Il linguaggio adottato per l’occasione dal capo supremo del fascismo merita attenzione ed esegesi. Si noti innanzitutto il primitivismo vitalistico che lo qualifica.
Quell’offensiva, che veniva propagandata come interesse nazionale della stragrande maggioranza bisognosa di difendersi dall’esigua minoranza dei fedeli di religione ebraica, ad un attento esame si rivela per quello che è: l’attacco frontale contro ciascuno e tutti i cittadini italiani. In essi, nelle parole di Mussolini, veniva finalmente “inoculato nel sangue” l’antisemitismo, che avrebbe poi preso “da solo a circolare e a svilupparsi”.
Insomma, il capo del regime razzista e liberticida instaurato da quasi sedici anni, considera i connazionali alla stregua di topini, cavie di laboratorio nel cui sangue siringare il virus che ne avrebbe determinato i comportamenti successivi. Non è alla mente condizionabile dalla propaganda che il duce fa appello, ma al vitalismo elementare del “sangue” dove immagina possa ribollire l’ispirazione all’azione antiebraica collettiva.
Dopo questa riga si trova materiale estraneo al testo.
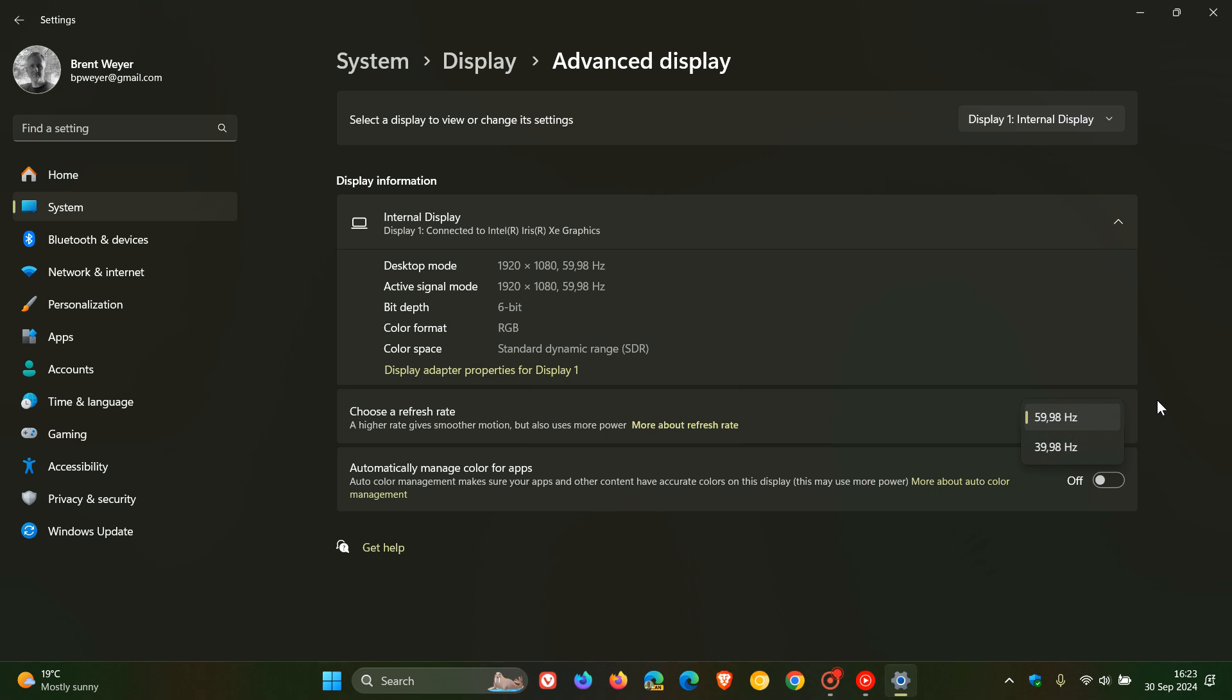But always take note, there's always a give and take. You also use more power. So obviously you would need the necessary hardware to actually apply those higher refresh rates for a smoother viewing experience.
Gli italiani brava gente, da topolini programmati, corrisposero. Dalla sera alla mattina, salvo rarissime eccezioni, iniziarono a gareggiare in meschinità e vigliaccheria scalando, alle spalle degli ebrei degradati o allontanati, posizioni sui posti di lavoro e nelle professioni che erano stati incapaci di guadagnare con il merito; acquisendo posizioni e proprietà che altrimenti non avrebbero avuto titolo ad assumere; tirando vantaggi i più diversi dalla disgrazia di concittadini dei quali magari erano stati sino a un istante prima amici, colleghi, compagni di fede intellettuale o politica.
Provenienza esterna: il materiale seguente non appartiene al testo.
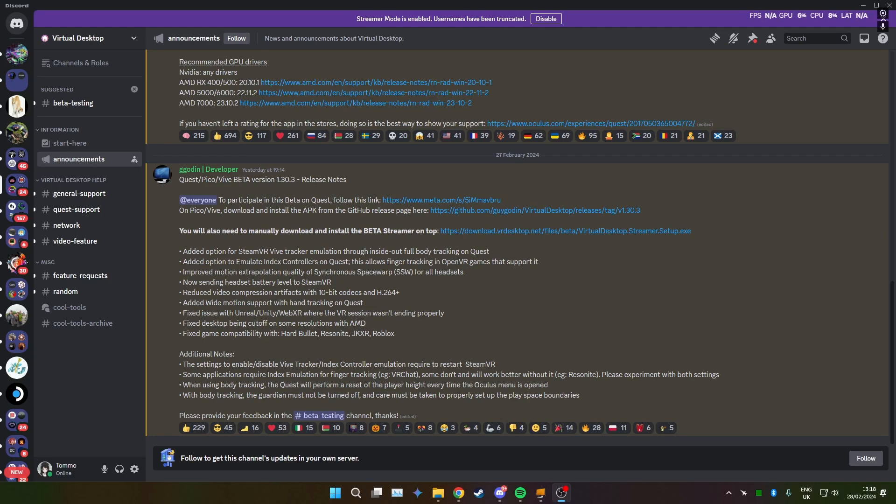Hey guys, so I've seen literally no one on YouTube post this even though this came out yesterday, so I thought I'd just do it myself.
In quell’ambiente andranno a collocarsi le disposizioni razziste che, nella banalità dell’esecuzione amministrativa, costituiranno la maggiore vergogna del ventennio, marchiando l’intero popolo italiano sodale del crimine. L’”inoculazione” aveva eliminato la capacità di giudizio, allineato la gente cavia nel pregiudizio e nel privilegio della presunta superiorità di specie.
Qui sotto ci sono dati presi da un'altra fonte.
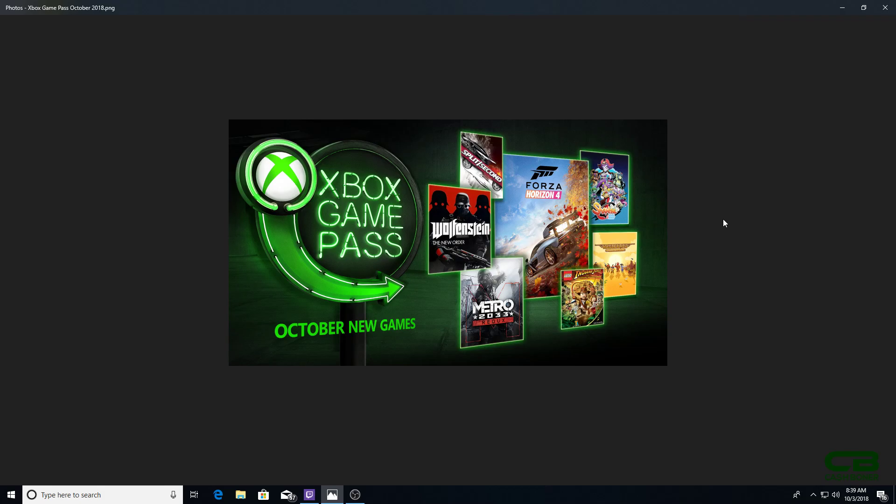Xbox Game Pass for October. The games might be the best additions, I think, yet. Because of the fact that it includes a brand new game. And I think every other game that was added is highly rated. I'm not sure about Split Second, but every other game is.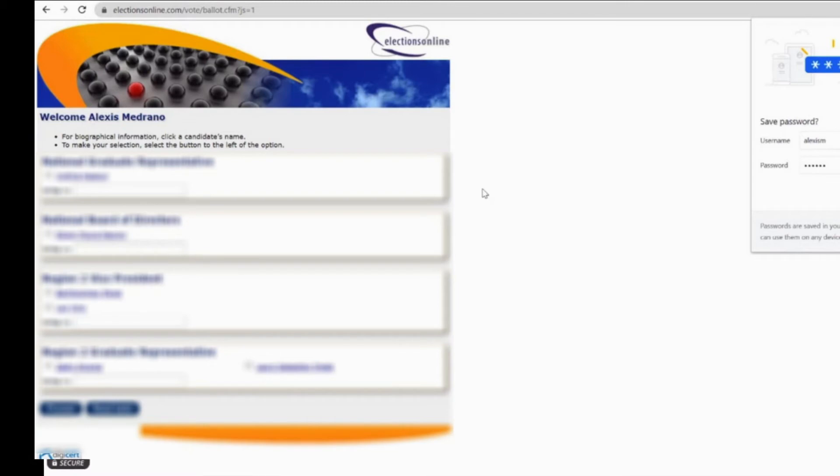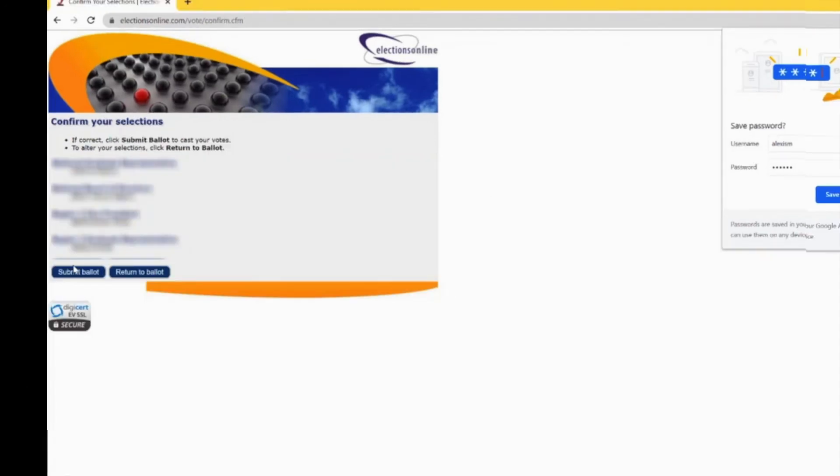Once you're done with all of your selections, you click proceed. Then it's going to give you an additional page to confirm your selections, and then you submit ballot when you're okay with your selections.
Il tutto risulterà tragicamente ridicolo, alla luce di una scienza che spiegherà come le razze non siano altro che invenzione di menti malate e di sfruttatori che sul pregiudizio costruiscono fortune e dominanze. Gente paradossale i razzisti, che meritano un titolo dispregiativo riferito a qualcosa di inesistente (la razza).
L’amico sciita tacciava di sionismo i cittadini di Israele, ripetendo la millenaria cantilena del pregiudizio antiebraico. Tra gli argomenti utilizzati per portarlo a più ragionati consigli, ho raccontato la trama del film di José Luis Saenz De Heredia, Raza (1941), sceneggiato dallo stesso caudillo Francisco Franco. Nella storia di quattro generazioni di ufficiali del regno di Spagna viene cucinata l’esaltazione della cosiddetta “razza spagnola”. L’acme è raggiunto nella scena finale quando il fratello che milita nell’esercito legale repubblicano, tradisce i commilitoni girando ai felloni insorti, i piani della battaglia finale.
Invece di riconoscere la propria meschinità, l’ufficiale fellone si lancia in un peana a favore degli insorti, dichiarandoli i veri campioni della nuova umanità che esalteranno la “razza spagnola”.
Un altro spagnolo, un vero grande di Spagna, Francisco Goya, scrisse in tempi di altre orribili guerre e di scontro tra illuminismo e i pregiudizi del tradizionalismo oscurantista, sull’opera che apre (1799) il ciclo Los Caprichos : “El sueño de la razón produce monstruos”, il sonno della ragione produce mostri.